» ASSIGNMENT:
Each line from the one holding "motorcycle front fender" to the end of the data below must be output verbatim, with no other lines.
DATA SECTION Start Marker
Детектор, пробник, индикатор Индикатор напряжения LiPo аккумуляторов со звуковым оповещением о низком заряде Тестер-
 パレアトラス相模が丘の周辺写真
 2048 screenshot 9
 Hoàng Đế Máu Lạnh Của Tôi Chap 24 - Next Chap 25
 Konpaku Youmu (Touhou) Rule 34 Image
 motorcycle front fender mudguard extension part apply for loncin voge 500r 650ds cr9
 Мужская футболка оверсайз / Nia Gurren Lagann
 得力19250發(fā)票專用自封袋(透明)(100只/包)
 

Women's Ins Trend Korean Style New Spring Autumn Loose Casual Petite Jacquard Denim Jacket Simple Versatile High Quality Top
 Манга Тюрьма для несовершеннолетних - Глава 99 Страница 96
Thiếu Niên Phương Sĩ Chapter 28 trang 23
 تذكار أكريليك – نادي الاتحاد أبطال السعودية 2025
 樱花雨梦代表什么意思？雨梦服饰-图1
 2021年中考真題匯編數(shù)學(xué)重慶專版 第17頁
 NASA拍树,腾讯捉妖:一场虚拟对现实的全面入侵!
DATA SECTION End Marker
» ANSWER BELOW:
 motorcycle front fender mudguard extension part apply for loncin voge 500r 650ds cr9
 Мужская футболка оверсайз / Nia Gurren Lagann
 得力19250發(fā)票專用自封袋(透明)(100只/包)
 

Women's Ins Trend Korean Style New Spring Autumn Loose Casual Petite Jacquard Denim Jacket Simple Versatile High Quality Top
 Манга Тюрьма для несовершеннолетних - Глава 99 Страница 96
Thiếu Niên Phương Sĩ Chapter 28 trang 23
 تذكار أكريليك – نادي الاتحاد أبطال السعودية 2025
 樱花雨梦代表什么意思？雨梦服饰-图1
 2021年中考真題匯編數(shù)學(xué)重慶專版 第17頁
 NASA拍树,腾讯捉妖:一场虚拟对现实的全面入侵!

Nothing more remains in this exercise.